Unfortunately, the same dynamics we have demonstrated above also affect the amount of SP that a new user is able to purchase.
Looking at the same dates that we use our example above, let’s examine an example where a hypothetical new account holder decided to invest US$500 into SP to give their account a boost. Had they done so on 9 March 2017 they would have received 6,250 SP for the initial investment.
Were they to invest US$500 today they would receive 200 SP.
Whilst I haven’t looked at the statistics in great detail, I would argue that 6250 SP is more SP than the vast majority of Steemit account holders currently have. Most minnows can only dream of having an account balance of this amount. To purchase 6,250 SP at today’s prices would require an investment of US$15,625. This amount of money is clearly beyond the reach of the vast majority of Steemit users. So, purchasing SP is another avenue that has been closed off by the higher Steem price.
Let’s Be Clear About What I’m Not Saying!
I am not saying that a higher Steem price is a bad thing. Clearly all of us on Steemit benefit with an appreciation in the Steem price.
What I am attempting to highlight is that if we wish the Steem price to continue to appreciate, then we must ensure that the platform continues to attract new users, otherwise over the longer term it is likely to fail. Clearly this hasn’t had a negative impact to date as shown by the diagrams in my previous post, which clearly demonstrate that the number of new accounts is rising very strongly.

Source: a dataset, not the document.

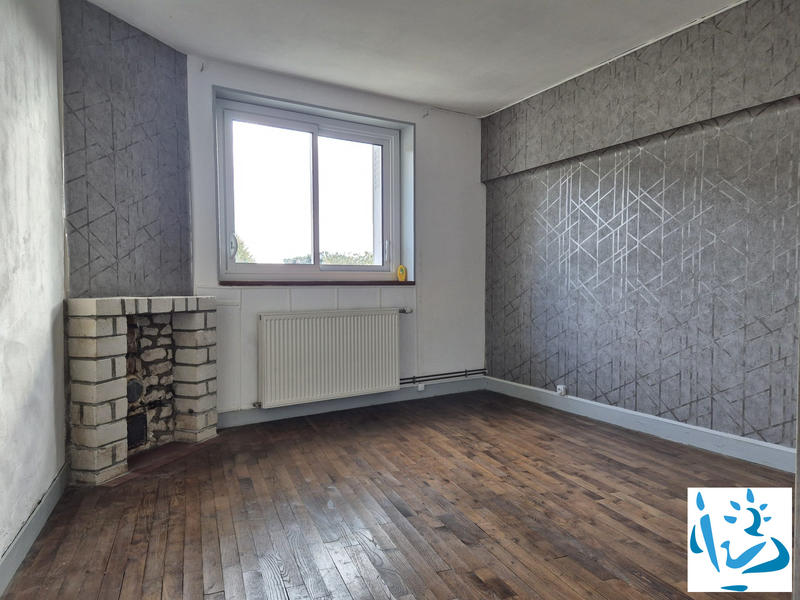 Maison ancienne - 82 m² - 4 pièces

It is my opinion however, that over the longer term if we don’t make it easier for new users to succeed on Steemit then several things will occur. Firstly, the number of new users coming to the platform will slowly stop. Secondly the number of existing users who choose to leave the platform will increase. This is what happened to my friend @just2random that inspired this post. It’s possible that even with a large number of new users flocking to the platform, we can still go backwards if existing users drop-off faster than new users are added.
Enabling minnows is key to the long-term success of Steem
Main image courtesy of Steve Harvey on Unsplash
Written with StackEdit.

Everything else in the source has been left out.